Aber das zweite Element, die anhaltende Spannung zwischen Peronisten und Nicht-Peronisten, ein inzwischen demokratisierter Konflikt, erneuerte das, was Guillermo O'Donnell das „unmögliche Spiel“ nannte. Tatsächlich kam es in den ersten Jahrzehnten der argentinischen Demokratisierung nicht zu einem Ende nicht-peronistischer Regierungen – in beiden Fällen aufgrund einer starken Wirtschaftskrise. Erst in diesem Jahrhundert stabilisierte sich die Nachfolge des Präsidenten im Jahr 2019 und setzte der Vorstellung ein Ende, dass nicht-peronistische Regierungen ihr Mandat nicht beendet hätten (Paruzzotti, 2023). Auf diese Weise wurde eines der Hauptdefizite der argentinischen Demokratisierung stabilisiert.

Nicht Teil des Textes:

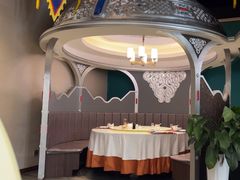 -哈啾嗨·新概念蒙餐(红星新城店)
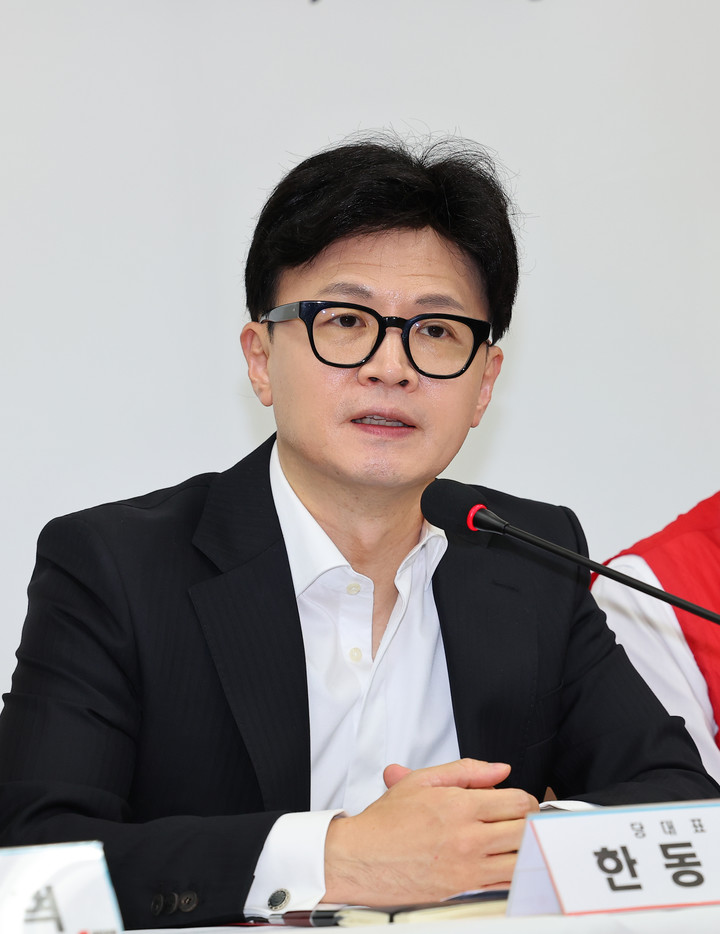 10일 인천 강화군 강화문화원에서 열린 현장 최고위원회의에서 발언하고 있는 한동훈 국민의힘 대표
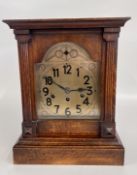 A VINTAGE MAHOGANY CASED MANTEL CLOCK, WESTMINSTER CHIME (WITH KEY AND PENDULUM), W 29 X H 36.5CM.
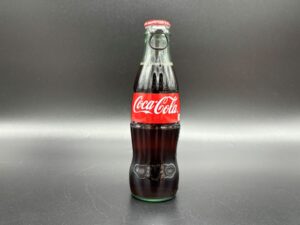 Coca-Cola / Pull Cap Glass Bottle Image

Wenn wir über die wirtschaftliche Situation des Landes während der demokratischen Zeit, insbesondere in den letzten 23 Jahren, nachdenken, erkennen wir, wo die Risiken für die Demokratie liegen. Nach "Laufstall„Mit den Regierungen von Néstor und Cristina Kirchner kam es zu einer Phase des wirtschaftlichen Aufschwungs, doch in den letzten Jahren begann die Wirtschaft zunehmend zu sinken. Die letzten vier Jahre der Regierung des derzeitigen Präsidenten Alberto Fernández waren von einer Rezession geprägt. Als Folge dieser katastrophalen Wirtschaftsentwicklung sanken das Vertrauen in Institutionen und der Zukunftsoptimismus drastisch (Iazzeta, 2023).

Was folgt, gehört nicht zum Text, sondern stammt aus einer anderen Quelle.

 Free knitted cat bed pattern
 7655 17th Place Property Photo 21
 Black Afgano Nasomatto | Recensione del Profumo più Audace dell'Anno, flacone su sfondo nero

Vorwahlen, offene, gleichzeitige und obligatorische Wahlen (PASO) haben eine andere Struktur als amerikanische Vorwahlen und berücksichtigen tatsächlich die Präferenzen der Bevölkerung. Der Favorit war in diesem Fall Javier Milei, ein Politiker, der Ende letzten Jahres auf sich aufmerksam machte, aber aufgrund seines schlechten Abschneidens bei den Provinzwahlen am Ende der ersten Jahreshälfte keine Chance mehr auf den ersten Platz zu haben schien Jahr. Javier Milei verursachte ein Erdbeben in der argentinischen Politik, indem er mit formal festgelegten Standards brach (Annunziata, 2023).

Dem argentinischen Politikwissenschaftler Martín D'Alessandro zufolge waren die Peronisten das Rückgrat der argentinischen Demokratie. hatte ihr schlechtestes Wahlergebnis seit 80 Jahren (D'Alessandro, 2023). Aber das Erdbeben hörte hier nicht auf: Die Abstimmung für Javier Milei, der keine Gouverneure, Bürgermeister oder andere Vertretungen hat, ist gerade aus diesem Grund eine zutiefst staats- und institutionenfeindliche Abstimmung.

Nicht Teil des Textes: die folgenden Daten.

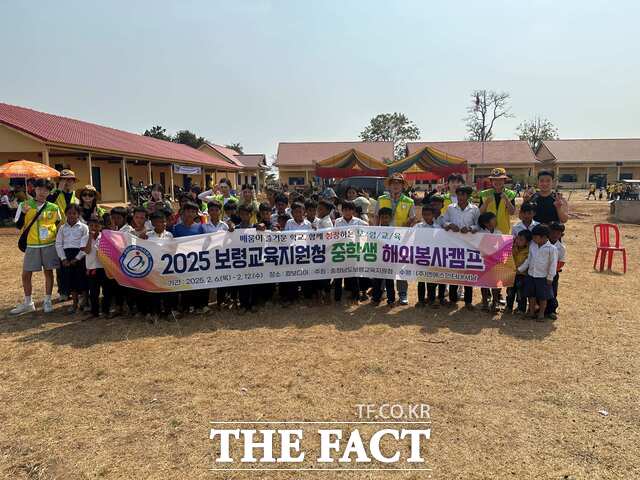 보령교육지원청이 지난 6일부터 12일까지 캄보디아 시엠립 인근 쫑스핀 초등학교와 쿨렌투마이 초등학교에서 중학생 해외봉사캠프를 진행하며 기념촬영을 하고 있다. /보령교육지원청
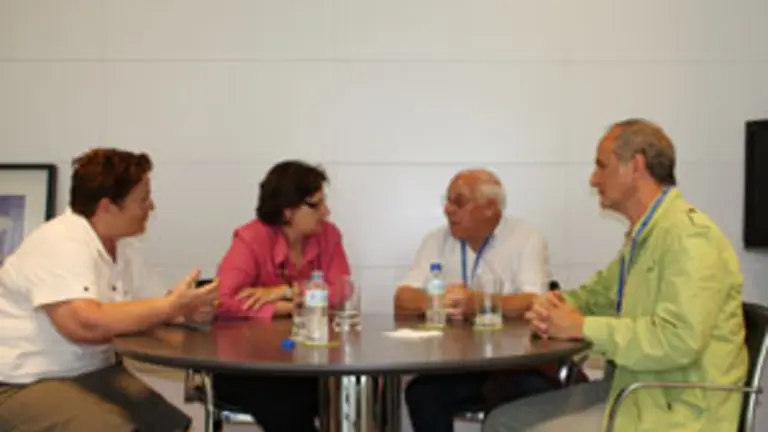  De izda a dcha, Teresa Ordiz, Mar&iacute;a Jos&eacute; Ramos, Justino Nava Vega y el canciller &Aacute;lvaro Garc&iacute;a, en la reuni&oacute;n.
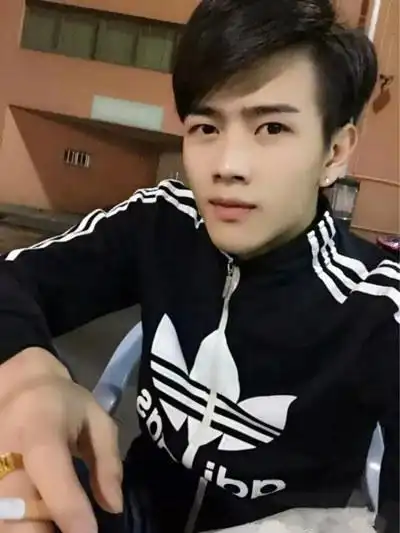 图网络红人黎伟图片尽显帅气外貌出众性格出奇的低调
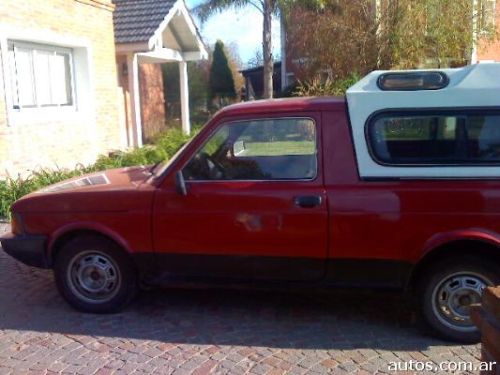 Fiat Fiorino PickUp con cupula en Pilar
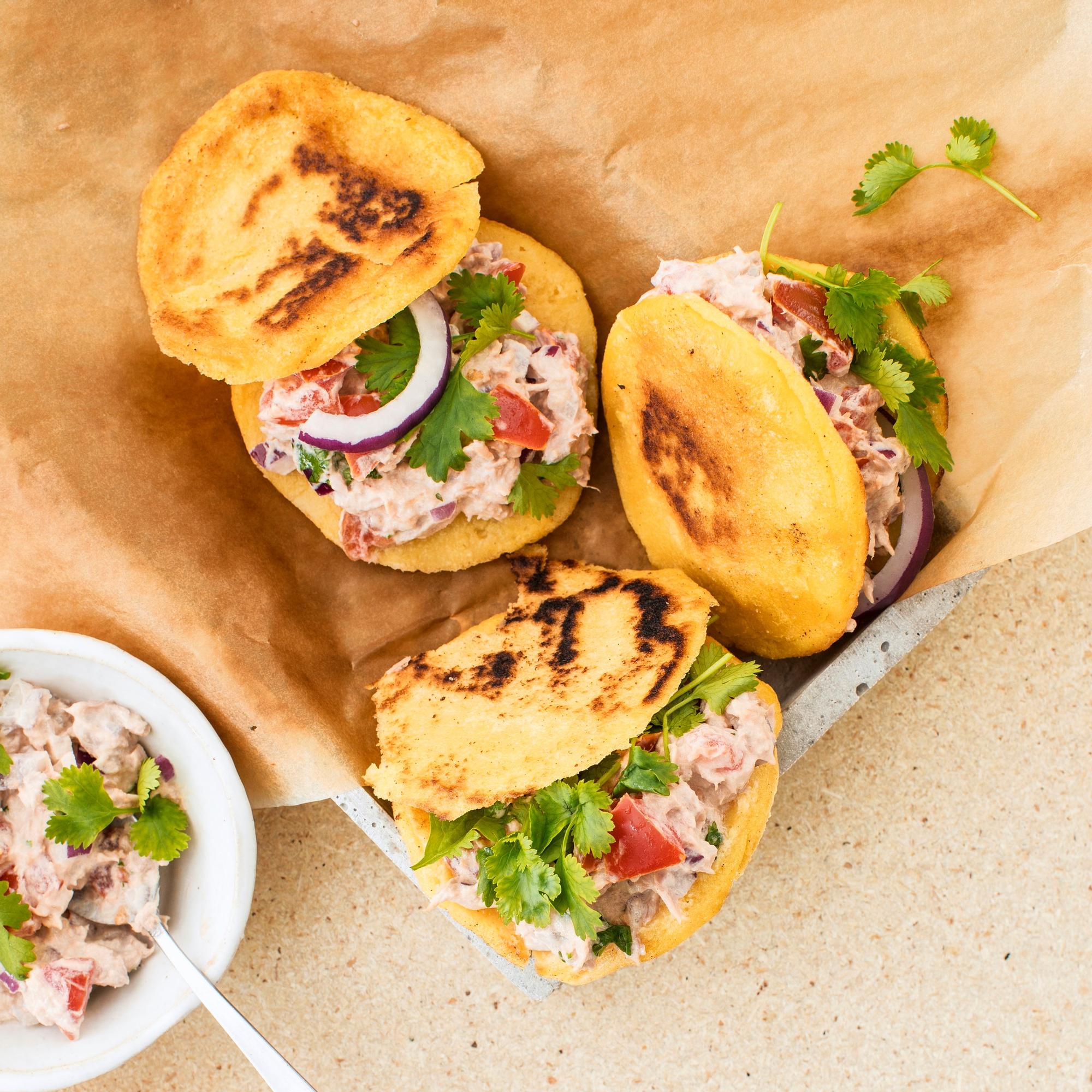 Eteläamerikkalaiset arepas-leivät haastavat perinteiset hampparit – herkullinen täyte valmistuu tonnikalasta ja kasviksista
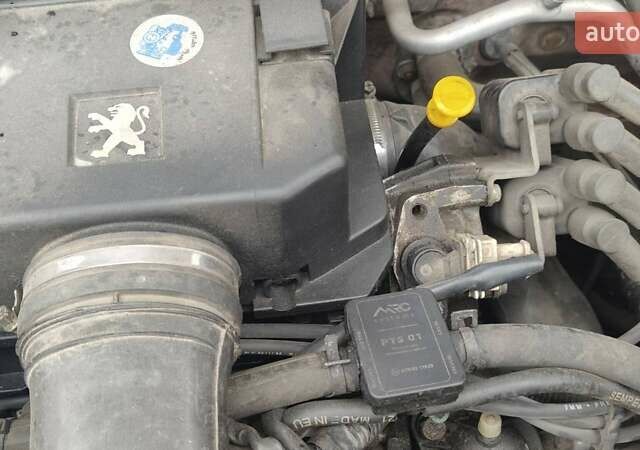 Червоний Саманд LX, об'ємом двигуна 1.76 л та пробігом 105 тис. км за 4000 $, фото 8 на Automoto.ua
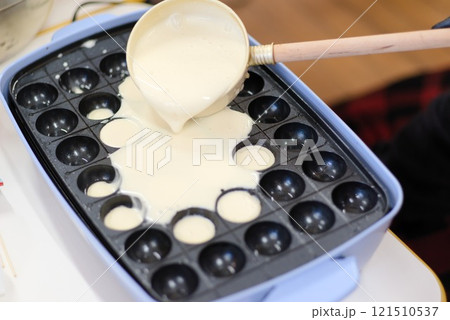 たこ焼き器にトロリ！おいしい瞬間が始まる 121510537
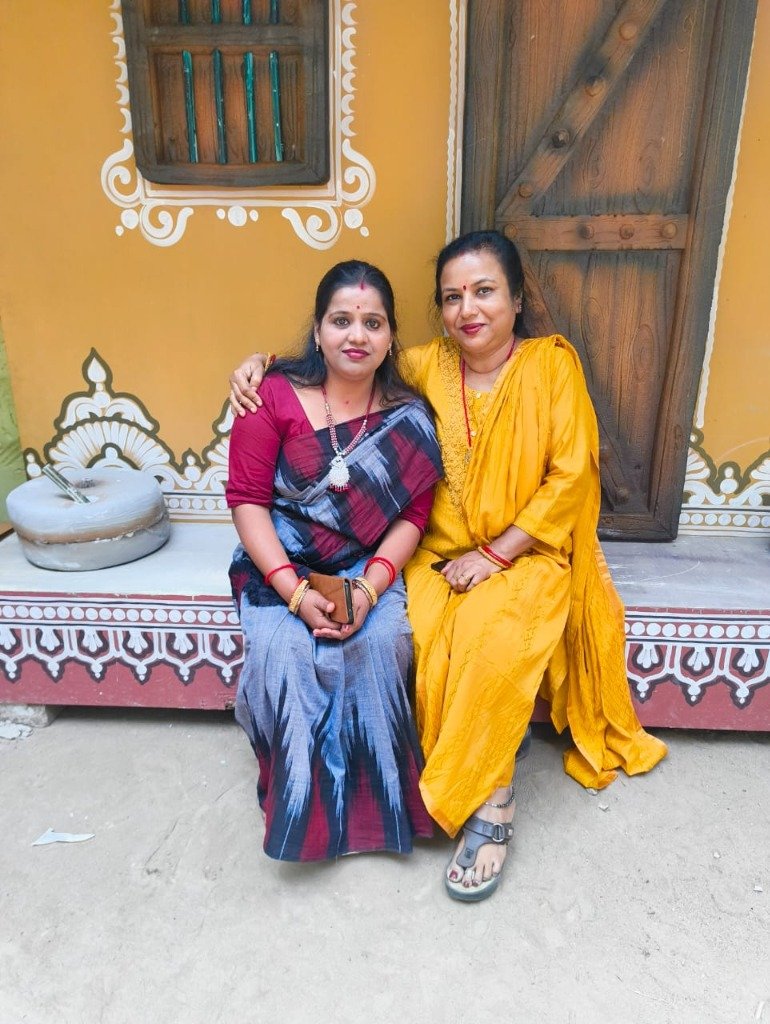 Ladies Club - Portrait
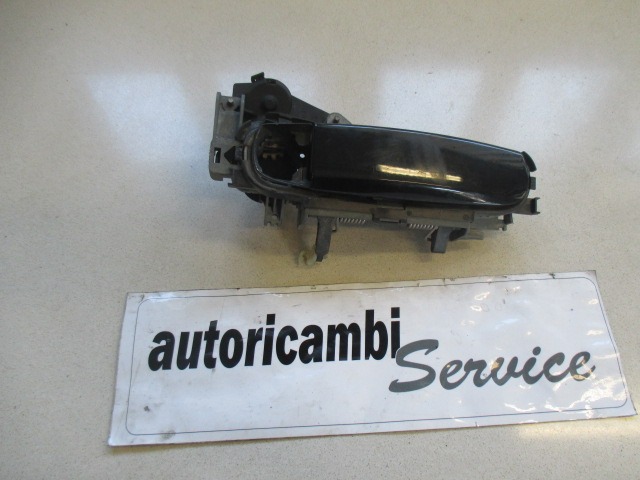 ZUNANJA KLJUKA SPREDNJA LEVA VRATA OEM N. 8E1837207 ORIGINAL REZERVNI DEL AUDI A3 MK2 8P 8PA 8P1 (2003 - 2008)DIESEL LETNIK 2007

Daher läuft Argentinien bei dieser Wahl Gefahr, in eine Spirale zu geraten, die bereits andere Länder in der Region erfasst hat, etwa Brasilien, das sich teilweise vom Bolsonaro-Abenteuer erholt hat, Peru mit regelmäßigen Amtsenthebungen und Chile, das zwischen seiner Verfassung gelähmt ist nicht will und nicht konsensfähig ist. Das ist ein Weg, von dem wir wissen, dass er beginnt: mit der Ablehnung aller demokratischen Institutionen. Wir wissen einfach nicht, wie es endet.

*Leonardo Avritzer Er ist Professor am Institut für Politikwissenschaft der UFMG. Autor, unter anderem von Sackgassen der Demokratie in Brasilien (Brasilianische Zivilisation). [https://amzn.to/3rHx9Yl]

Ursprünglich veröffentlicht am GGN-Zeitung.